2 Daarom gaf de koning bevel, de zieners, waarzeggers, tovenaars en magiërs te ontbieden, om den koning zijn droom te verklaren. Toen ze voor den koning waren verschenen,
Então o rei ordenou que os mágicos, os feiticeiros, os feiticeiros e os caldeus fossem chamados para contar ao rei seus sonhos. Então, eles entraram e se apresentaram diante do rei.
3 zeide hij hun: Ik heb een droom gehad; en mijn geest is er zo van ontsteld, dat ik de droom wil begrijpen.
O rei lhes disse: “Sonhei um sonho, e meu espírito está perturbado em conhecer o sonho”.
4 De magiërs gaven den koning ten antwoord: De koning leve voor eeuwig! Verhaal de droom aan uw dienaars, dan zullen wij er de uitleg van geven.
Então os caldeus falaram com o rei na língua síria: “Ó rei, vive para sempre! Conte o sonho a seus servos, e nós mostraremos a interpretação”.
5 Maar de koning sprak tot de magiërs: Mijn besluit is genomen!

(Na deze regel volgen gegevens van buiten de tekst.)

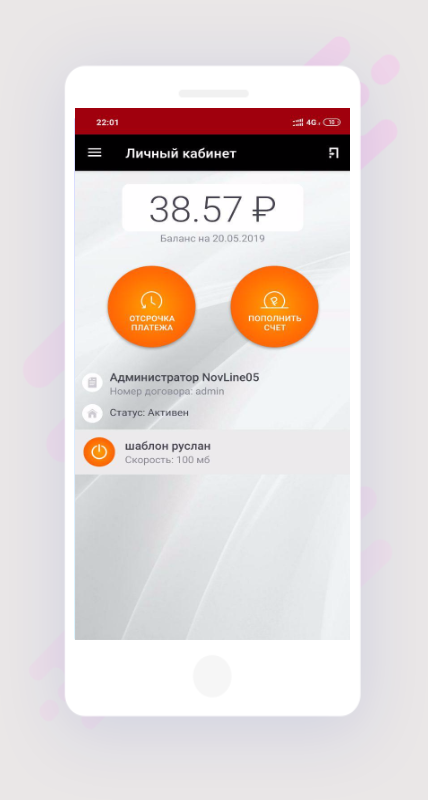 Личный кабинет андроид. Личный кабинет Новлайн. Лк х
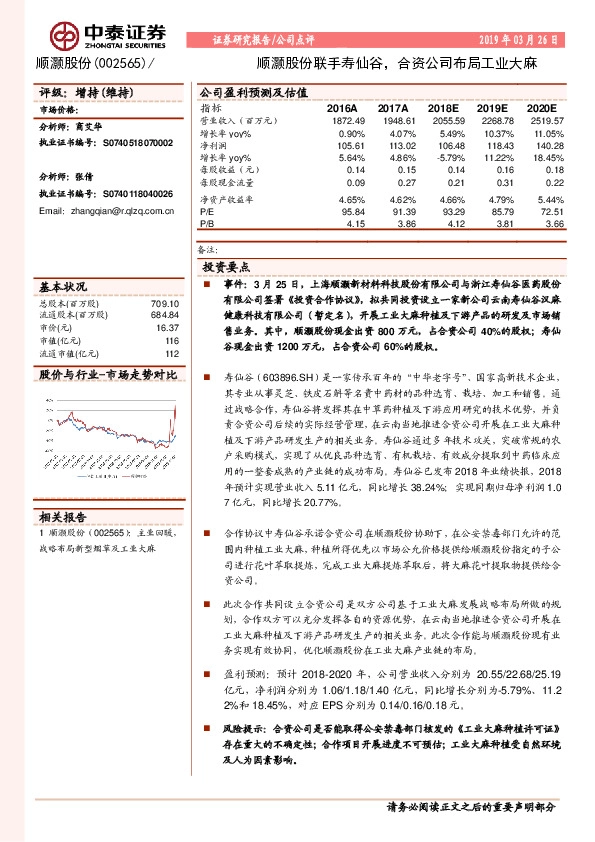 顺灏股份联手寿仙谷，合资公司布局工业大麻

Wanneer gij me niet zowel de droom als de uitleg kunt zeggen, zult ge in stukken worden gehouwen, en zullen uw huizen in puin worden gelegd;
O rei respondeu aos caldeus: “A coisa saiu de mim”. Se vocês não me derem a conhecer o sonho e sua interpretação, vocês serão cortados em pedaços e suas casas serão transformadas em um monturo.
6 doch wanneer ge mij de droom en zijn uitleg kunt geven, dan zult ge rijke geschenken van mij krijgen, en met eer worden overladen. Vertel me derhalve de droom en zijn uitleg.
But se vocês mostrarem o sonho e sua interpretação, receberão de mim presentes, recompensas e grande honra. Portanto, mostrem-me o sonho e sua interpretação”.
7 Maar ze zeiden opnieuw: De koning moge eerst de droom aan zijn dienaars vertellen, dan zullen wij er de uitleg van geven.
They respondeu pela segunda vez e disse: “Deixe o rei contar o sonho a seus servos, e nós mostraremos a interpretação”.
8 Toen sprak de koning: Ik weet heel goed, dat ge maar tijd zoekt te winnen, omdat ge ziet, dat mijn besluit is genomen,
O rei respondeu: “Eu sei de uma certeza que você está tentando ganhar tempo, porque você vê que a coisa saiu de mim.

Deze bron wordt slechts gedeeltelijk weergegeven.